The Strategist

“Taking Centre Stage in the World”

28 Nov, 2017    ·   5399

Vice Adm (Retd) Vijay Shankar looks at why restoring the lost grandeur of the Silk Route has many challenges that may not be overcome


Vice Admiral Vijay Shankar
Vice Admiral Vijay Shankar
Distinguished Fellow

When Chairman Xi declared at the opening of the 19th Congress of the Communist Party of China, “It is time for us to take centre stage in the world,” he may have drawn this deduction from two perceived shifts in the global strategic environment. Firstly, the sensed flagging of US interests in global pacts emblematised by the "America First" agenda that most resembled an impending abandonment of regional partnerships that did not recognise US pre-eminence; and secondly, apparent US distraction in providing decisive security leadership in the troubled parts of the world. Of course, the issue of whether any grouping of major countries wanted Xi’s leadership never entered the debate.

China in recent years has become a major funder of infrastructure in the developing world. Its arrival has challenged existing institutional lenders, particularly when Xi in 2013, announced a scheme to resurrect the medieval Silk Road through a vast network of roads, pipelines, ports and railways that connected China with Europe via Central Asia, West Asia and ports in South Asia and East Africa. China intends to provide proprietary financial support to the project. The innards of the Belt and Road Initiative (BRI) are driven by ‘over the line’ issues such as client-government superintendence and financing on a scale not seen before or, remarkably, with such indistinct terms. Essentially, the scheme’s purpose is strategic influence of global connectivity; while at the same time, deploying close to 30 per cent of China’s substantial dollar reserves (over US$ 3 trillion) that has hitherto held low yielding US debt, on more strategically beneficial ventures.
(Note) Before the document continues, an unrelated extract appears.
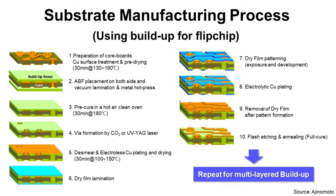Step three: precure in a hot air clean oven. It is a cure process in an oven and is very straightforward.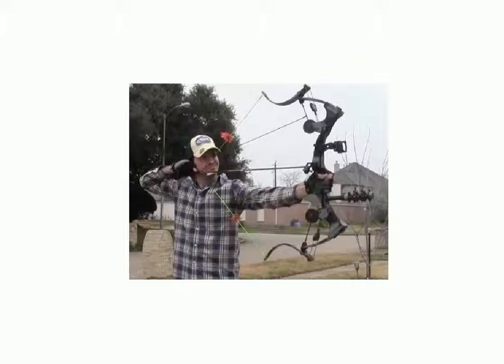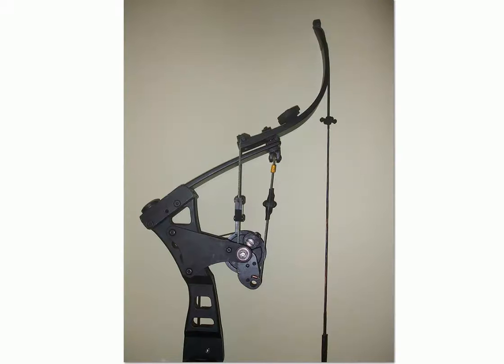I've worked on bows for almost 30 years. I'm 62 — being 62 doesn't necessarily mean I'm out of touch. I am out of touch with the new stuff, but give me the old bows and I'm good. So let's get into a few things about Oneida bows. There's so much to tell, it's hard to pick where to start, so I'm just going to plunge in.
Yet, restoring the lost grandeur of the Silk Route has many other challenges that may not be overcome by Xi’s ‘fiat.’ Beginning with internal corruption, since the entire programme is to be funded largely by state-owned banks. In the instance, as a wit put it, “then, how does a barber cut his own hair?” The matter of an opaque dispensation attempting to break from its political roots to gain a mandate of the people must add to planners’ discomfort. The questionable economics of committing billions of dollars into the world’s most impoverished and unstable regions hardly instils confidence in the programme. Already falling prices of primary products and unhinged host politics have undermined some of the 900 constituent projects. Compounding matters is the cost of freightage by rail, which is as much as four to five times that of cargo movement by sea. Besides, the current state of the enterprise is unidirectional as rakes return largely empty on the east-bound leg. Chinese ideology is hardly welcome in the region. The recent use of trade as a tool of punishment, specifically in the case of Philippines from where banana imports were cut, while rare earth exports to Japan were curbed, tariff barriers raised unilaterally, and the general economic retaliation on South Korea, does not in any way serve the ends of free trade-flow or economic inclusiveness.

Chinese historians do not tire of reminding the world of its recent past that staggered between the collapse of an empire to humiliating colonisation, from bloody wars to the civil anarchy of Maoism, and now in the success of ‘authoritarian capitalism,’ some even perceive a return of the Middle Kingdom. But even if the old world order were to make way, slipping into a mire of lost belief, there remains the problem of a potentially bizarre future where not nearly-quite-dead capitalism is controlled by a totalitarian regime fervently dependent on magnifying growth, perpetuity of dispensation and a disruptive brand of nationalism for stability; all of which echo a past not quite from the Orient but from a more recent Europe of the first few decades of the twentieth century.

In response, for Xi to turn to an even more assertive military-led foreign policy, brings to the fore the probability of conflict; specifically, on the Korean Peninsula, where China’s role as agent provocateur is becoming more and more undeniable. If the generalised theory of war suggests causes of armed conflict as introduction of weapons of mass destruction, a revisionist agenda stimulated by significant change in the balance of power, and lastly, a contrarian and often disrupted structure of order; then these are all eminently resident in the region. Yet global remedies adapted to date have neither generated a consensual course of action nor has the status quo been emphasised. In the on-going brinkmanship polity on the Korean Peninsula, the antagonists have predictably provided partisan military support and embraced a skewed one-sided stoppage of financial and economic flows that fuel the causes of conflict (being the main donor to North Korea, Chinese leadership sees no reason to check continuance). Similarly, dialogue has focused on little else than a dual-stance posture: delivery of military threats and a litany of in-executable demands.

The littorals of the West Pacific have, in the meantime, rediscovered the Trans-Pacific Partnership (TPP) sans the US; while on the security front the quadruple entente (an initiative involving Australia, India, Japan, and the US) is averred for revival. These undercurrents suggest not just a hesitancy to endorse a China-led order, but also a push back on belt-and-road craft as well as Chinese blue-water ambitions.

In truth, much would depend upon the will to order, the universal repugnance to leaving centre stage untenanted, or the unlikely event of China’s amenability to sharing the stage.